(The task) Only the lines below starting at the one that contains "Xiaomi Mijia Kapsel-Kaffeemaschine" and ending at the one that contains "JP1880 Naples Flexnamic" are to be reproduced, exactly and with both ends kept.
*** Information supplied ***
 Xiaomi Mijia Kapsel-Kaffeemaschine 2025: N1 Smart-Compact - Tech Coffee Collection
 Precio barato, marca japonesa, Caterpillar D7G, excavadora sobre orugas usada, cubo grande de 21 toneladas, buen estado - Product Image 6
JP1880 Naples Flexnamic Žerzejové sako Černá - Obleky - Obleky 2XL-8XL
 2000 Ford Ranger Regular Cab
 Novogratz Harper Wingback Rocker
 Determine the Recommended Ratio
*** End of Information supplied ***
*** Information supplied ***
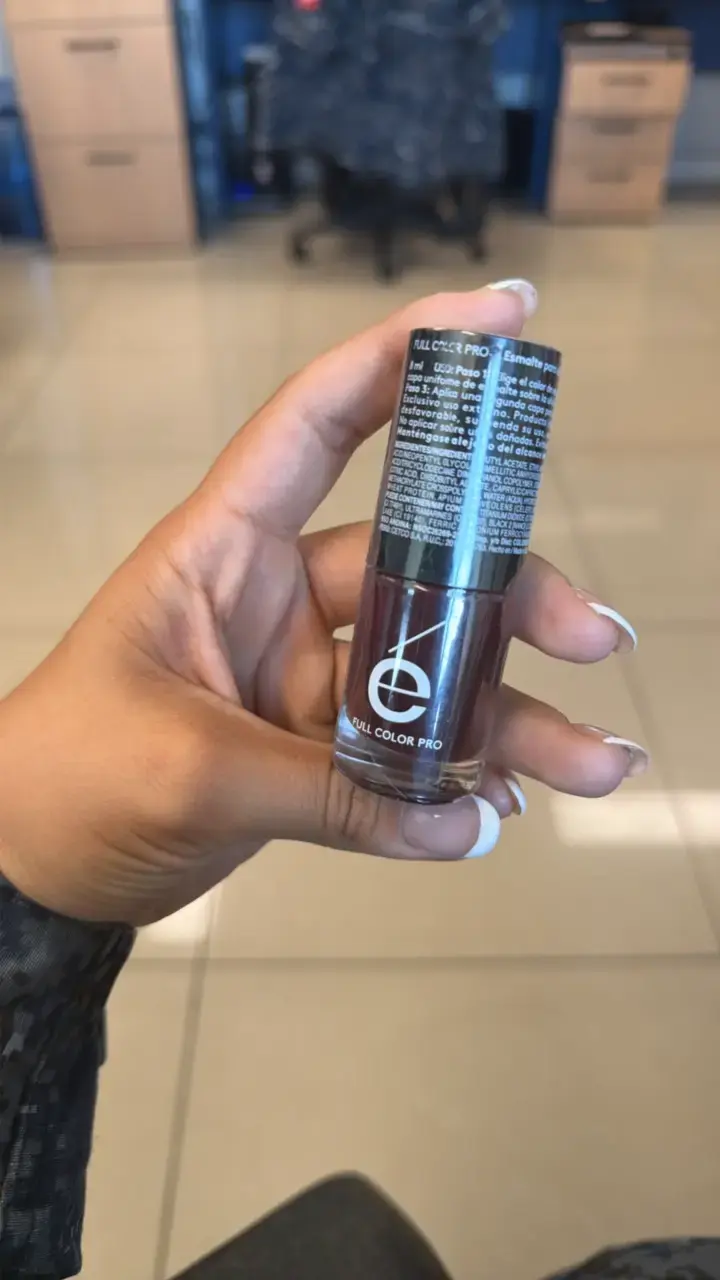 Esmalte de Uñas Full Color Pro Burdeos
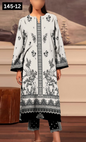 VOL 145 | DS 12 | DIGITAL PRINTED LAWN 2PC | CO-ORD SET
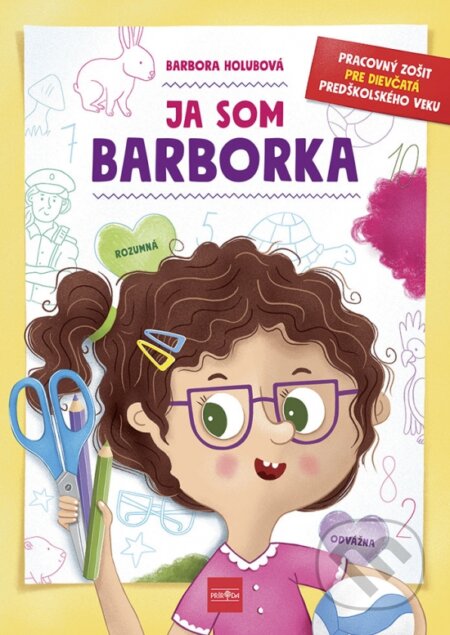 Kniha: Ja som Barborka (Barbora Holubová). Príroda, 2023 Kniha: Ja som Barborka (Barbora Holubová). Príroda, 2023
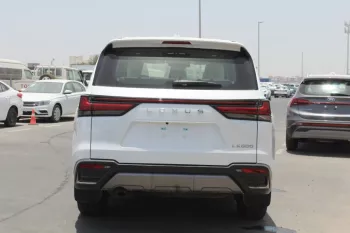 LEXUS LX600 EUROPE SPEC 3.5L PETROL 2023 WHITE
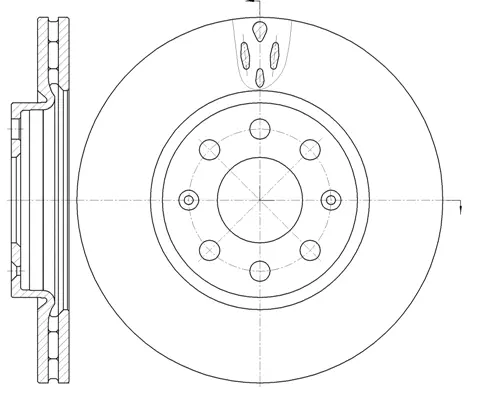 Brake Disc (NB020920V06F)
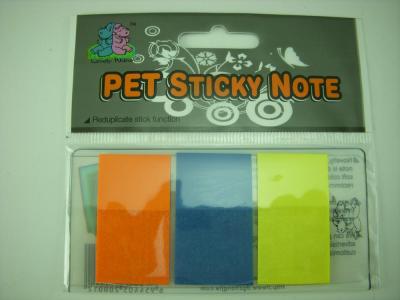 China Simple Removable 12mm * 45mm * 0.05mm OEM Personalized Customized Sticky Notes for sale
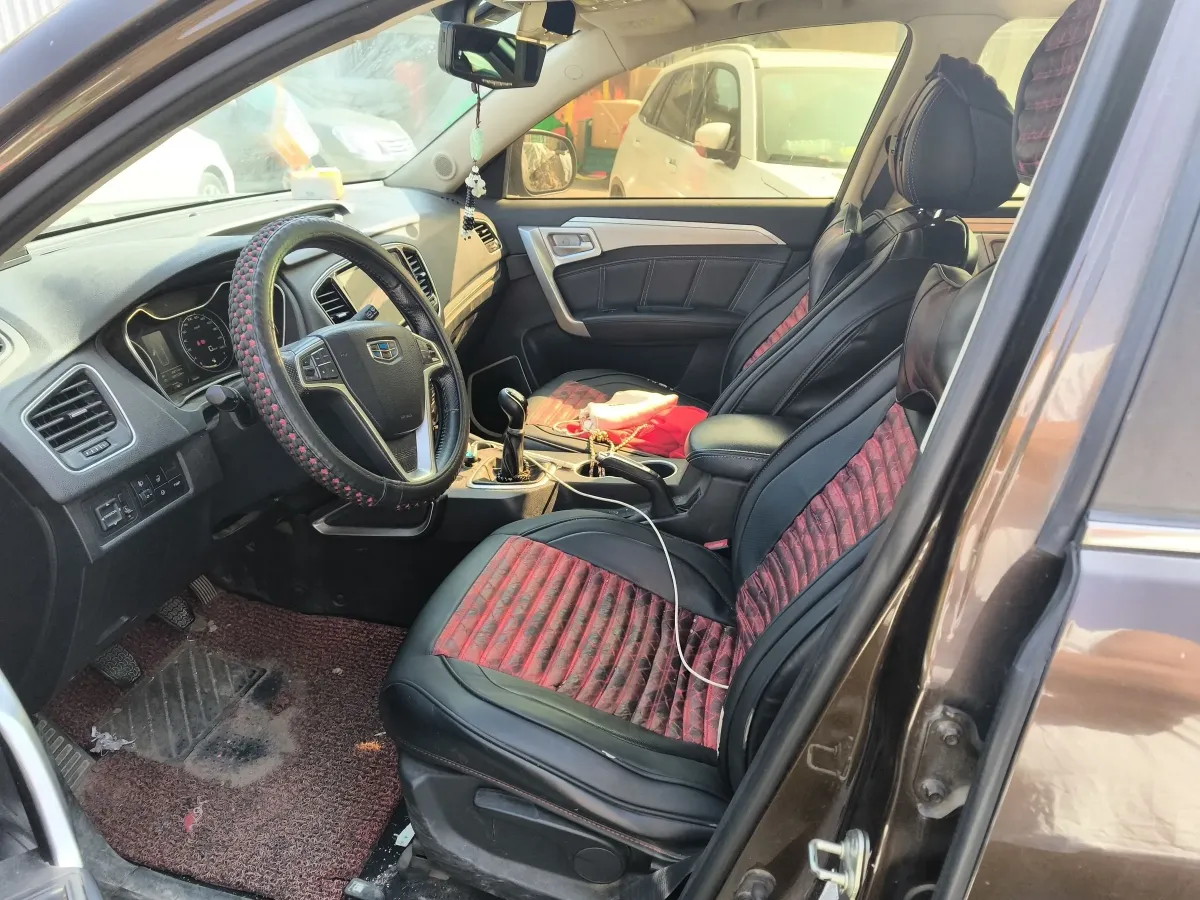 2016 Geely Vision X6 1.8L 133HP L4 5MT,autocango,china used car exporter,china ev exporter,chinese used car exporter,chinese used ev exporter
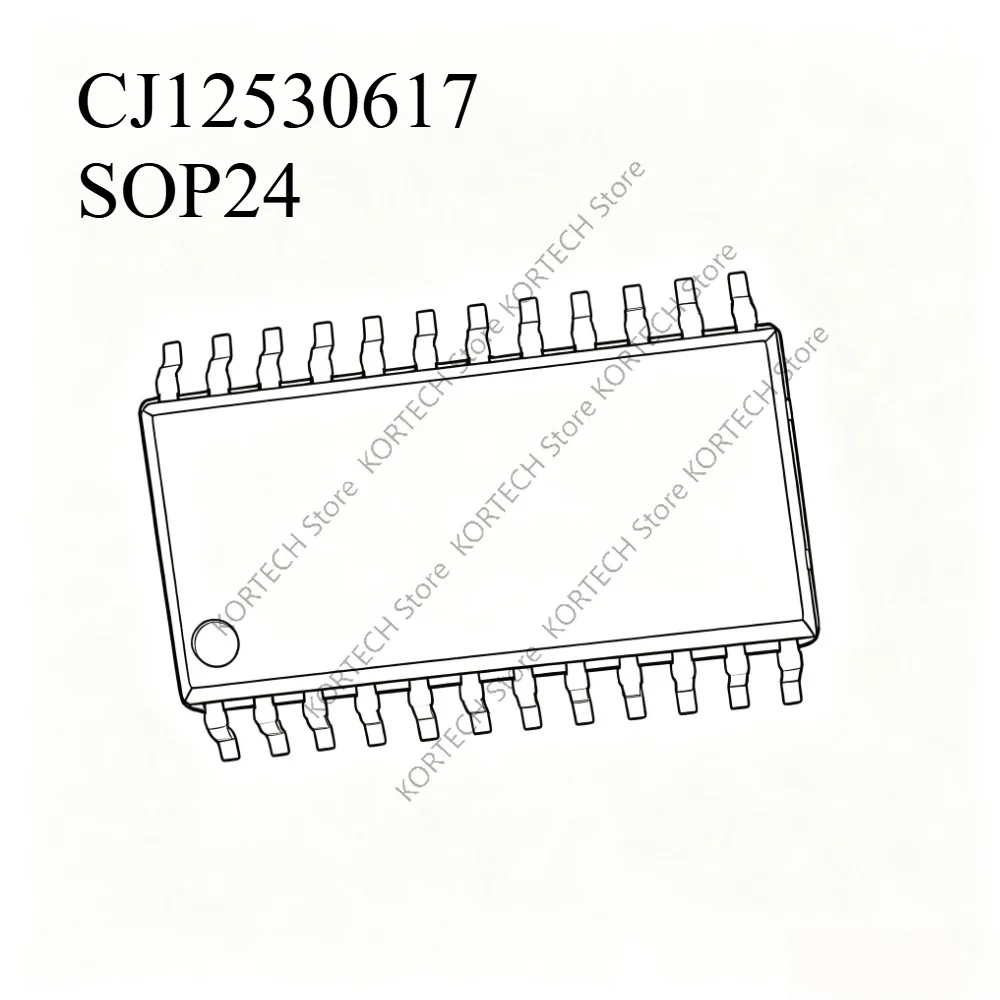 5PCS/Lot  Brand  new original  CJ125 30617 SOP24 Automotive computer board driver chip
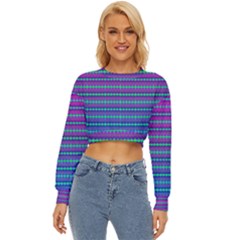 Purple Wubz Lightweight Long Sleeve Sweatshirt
*** End of Information supplied ***
(Solved exercise)
 Xiaomi Mijia Kapsel-Kaffeemaschine 2025: N1 Smart-Compact - Tech Coffee Collection
 Precio barato, marca japonesa, Caterpillar D7G, excavadora sobre orugas usada, cubo grande de 21 toneladas, buen estado - Product Image 6
JP1880 Naples Flexnamic Žerzejové sako Černá - Obleky - Obleky 2XL-8XL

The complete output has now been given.